MULERO v. SCHOENHORN (Sup. Ct. Conn., May 9, 2012)
The plaintiff, a pro se litigant, sued the defendant attorney for damages in connection with the defendant’s representation of the plaintiff on an appeal from his criminal conviction for forgery in the second degree.
The plaintiff filed a two-count complaint sounding in breach of contract and legal malpractice as the trial court’s judgment and his conviction were affirmed by the Appellate Court. The defendant attorney moved for summary judgment arguing that he did not breach the standard of care in his representation of the plaintiff. In support of his motion, the defendant attorney attached his own affidavit in which he averred that “based on his training and experience, my representation of Mr. Mulero was well above the level of skill and learning commonly applied under all the circumstances in the community by the average prudent reputable member of the legal profession.”
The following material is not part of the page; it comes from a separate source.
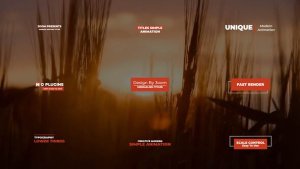 Videohive Minimal Titles 2.0 | After Effects 40727833 Titles template preview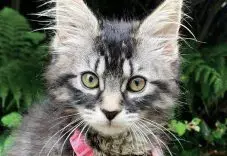 Ragdoll & Maine Coon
In his opposition, the plaintiff contended that the defendant attorney cannot serve as an expert in his own case. While there is no Connecticut law on point, the court relied on Rodriguez v. Pacificare of Texas, Inc., 980 F.2d1014, 1019 (5th Cir.), cert. denied, 508 U.S. 956 (1993), in which the court held that the fact that the expert witness is a party is properly considered when assessing the witnesses’ credibility.
The court granted the defendant’s motion for summary judgment as it determined that the defendant attorney’s affidavit suffices to discharge his burden as showing the absence of material facts as to whether he breached the standard of care. Additionally, as the plaintiff provided no facts to prove a genuine issue of material fact, he did not sustain his burden of opposing the motion for summary judgment.
Impact: Serious consideration should be given to filing a motion for summary judgment soon after a pro se plaintiff files his complaint to see if the plaintiff can determine the need for an expert witness and retain a legal standard of care expert witness who will provide sufficient facts to oppose the defendant’s summary judgment motion.